Provided data —
--------------------------------
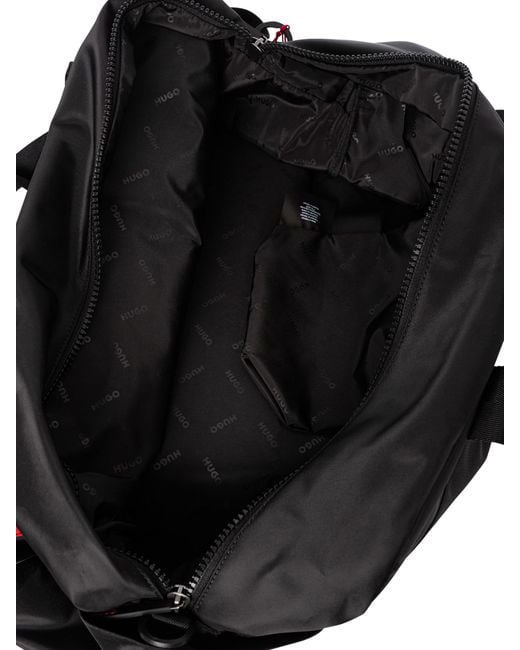 HUGO Black Ethon 2.0 Logo Holdall Bag for men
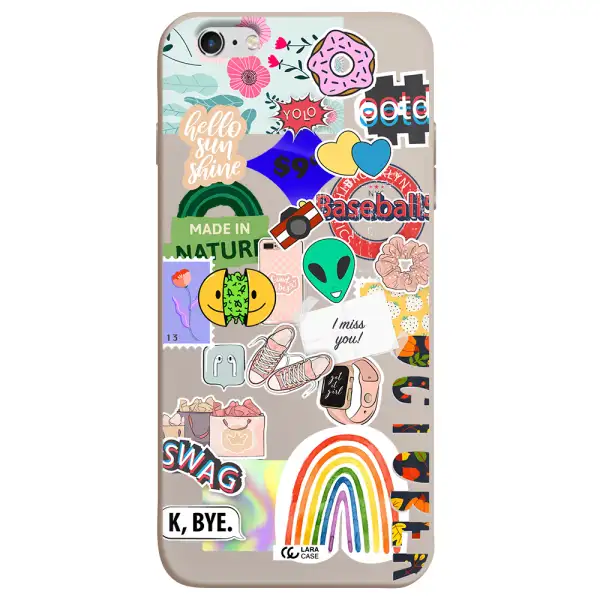 I Miss You Apple iPhone 6S Silicone Stone Case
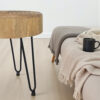 The Attic Jessie Coffee Table: Natural Beauty in Solid Wood - Living Room Centerpiece with Matt Finish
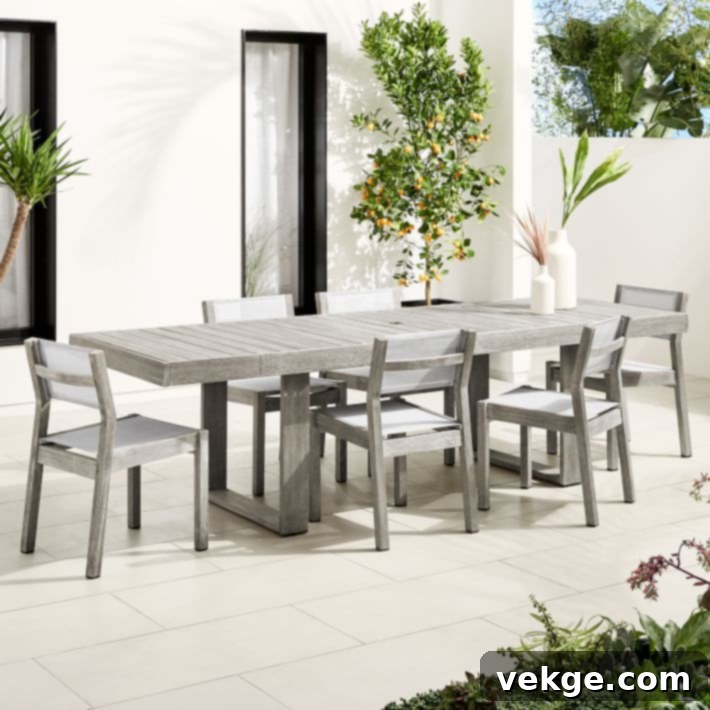 Solid Metal Dining Table with angular sled legs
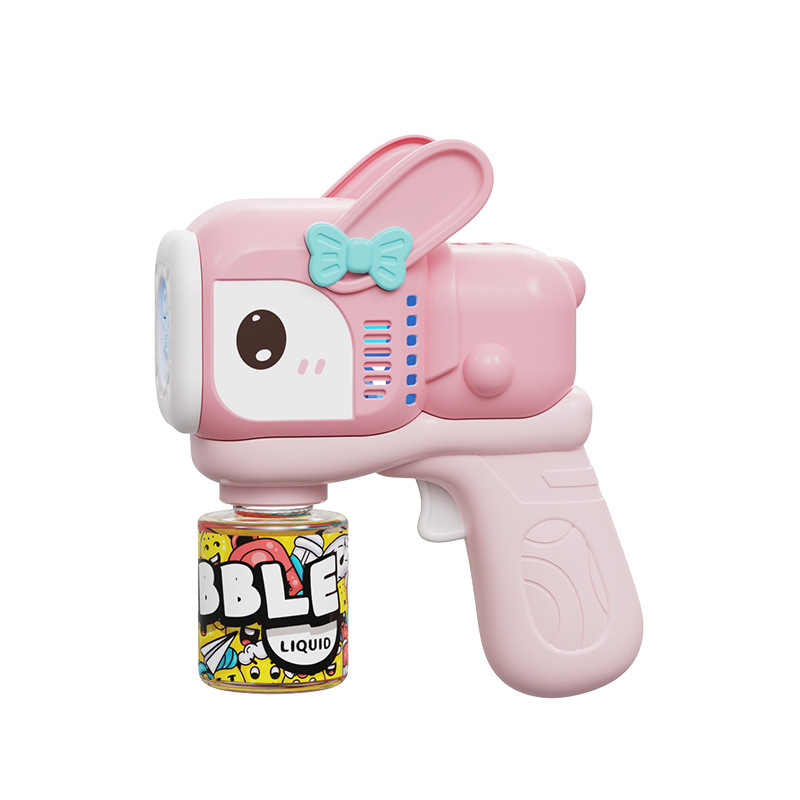 New children's toy fully automatic bubble machine, hand-held multi-hole baby bubble gun, birthday gift for boys and girls Item Picture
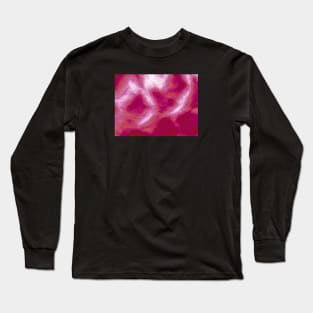 Lesbian Pride Abstract Fractal Fog Long Sleeve T-Shirt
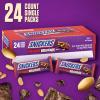 SNICKERS Candy Almond Milk Chocolate Bars Bulk Pack, 1.76 oz Bars (Pack of 24)(Peanut Brownie Squares)
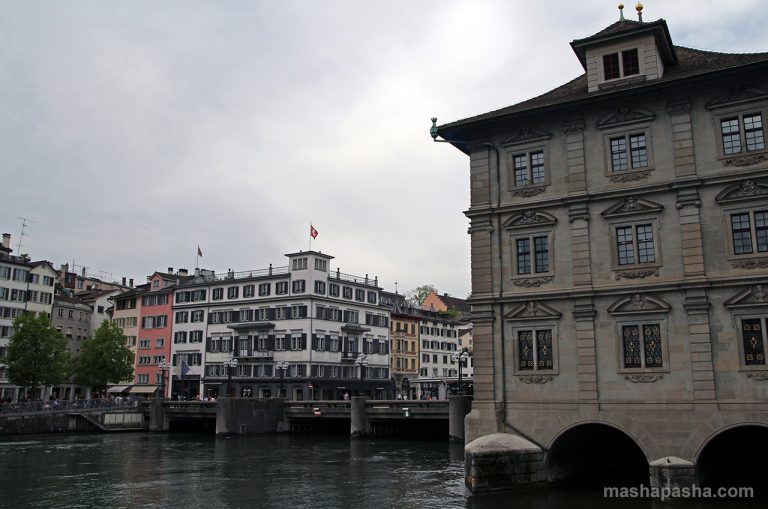 Fiume Limmat, Zurigo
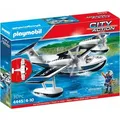 Produktbild: PLAYMOBIL City Action 4445 Tragflächenboot Polizeiflugzeug - Silber
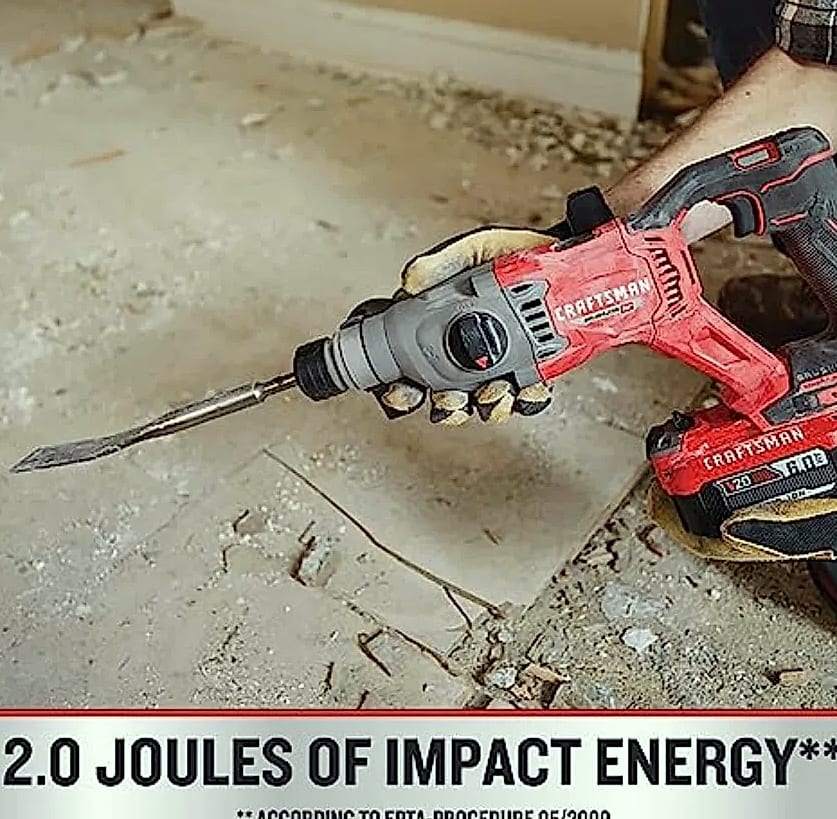Kankeirr V20 RP SDS Rotary Hammer Drill Cordless 7/8"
--------------------------------
Work instructions — Reproduce the lines above starting at the one with "I Miss You Apple" and ending at the one with "Fiume Limmat, Zurigo", both included, exactly and with no pictures.

Response —
 I Miss You Apple iPhone 6S Silicone Stone Case
 The Attic Jessie Coffee Table: Natural Beauty in Solid Wood - Living Room Centerpiece with Matt Finish
 Solid Metal Dining Table with angular sled legs
 New children's toy fully automatic bubble machine, hand-held multi-hole baby bubble gun, birthday gift for boys and girls Item Picture
 Lesbian Pride Abstract Fractal Fog Long Sleeve T-Shirt
 SNICKERS Candy Almond Milk Chocolate Bars Bulk Pack, 1.76 oz Bars (Pack of 24)(Peanut Brownie Squares)
 Fiume Limmat, Zurigo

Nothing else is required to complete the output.